Let $M$ and $N$ be two normal subgroups of $G$. Show that $M \cap N$ is also normal in $G$. Then show that $G/(M \cap N) \cong (G/M) \times (G/N)$

Question

Let $M$ and $N$ be two normal subgroups of $G$. Show that $M \cap N$ is also normal in $G$. Furthermore,if $G=MN$ then show that $$G/(M \cap N) \cong (G/M) \times (G/N)$$ I manage to prove the first part. But for the two quotient groups to be isomorphic, I have no idea. Anyone can help ?

Answer 1

The second assertion is true if we add one more condition that $G=MN$, if we define the map $$f:G\to (G/M) \times (G/N)$$ such that $$f(g)=(gM,gN)$$ then $f$ is a homomorphism and it is easily seen that $kerf=M\cap N$, now if we can prove that $f$ is onto we can use the first isomorphism theorem to get the result.

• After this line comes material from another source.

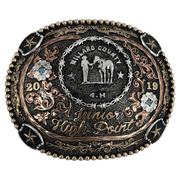 CBE 230 - Corriente Buckle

will let $(xM,yN)\in (G/M) \times (G/N)$ now since $G=MN$ we have $x=mn$ and $y=m'n'$ but then we have$$xM=mnM=n(n^{-1}mn)M=nM$$ since $m\in M$ and $M$ is normal,similarly we get$$yN=m'N$$ now consider $$f(m'n)=(m'nM,m'nN)=(n(n^{-1}m'n)M,m'nN)=(nM,m'N)=(xM,yN)$$ again since $m\in M$ and $M$ is normal and hence that map is onto and we have $$G/(M \cap N) \cong (G/M) \times (G/N).$$

Answer 2

Second assertion is not true. E.g., for $M=N=1$ you get from your isomorphism $G\cong G\times G$.

Answer 3

Part two is false: $6\Bbb Z\cap 3\Bbb Z=6 \Bbb Z$, but $\Bbb Z /6\Bbb Z$ is not isomorphic to $\Bbb Z /3\Bbb Z\times \Bbb Z /6\Bbb Z$

The former has 6 elements, but the latter has 18.

Answer 4

Can you think of a homomorphism from the left side to the right side? In particular if $[g]$ represents the equivalence class of some $g \in G$ on the left side, where should it be sent to on the right side? Can you prove that this is well-defined? An injection? A surjection?

Answer 5

Probably the task is to show that $M \cap N$ is normal and that $G/(M \cap N)$ embeds into $G/M \times G/N$ (do you really have reproduced the exercise correctly?). In fact, both can be done in one step: Consider the diagonal map $G \to G/M \times G/N$, $g \mapsto ([g],[g])$. It is a homomorphism, with kernel $M \cap N$. Done.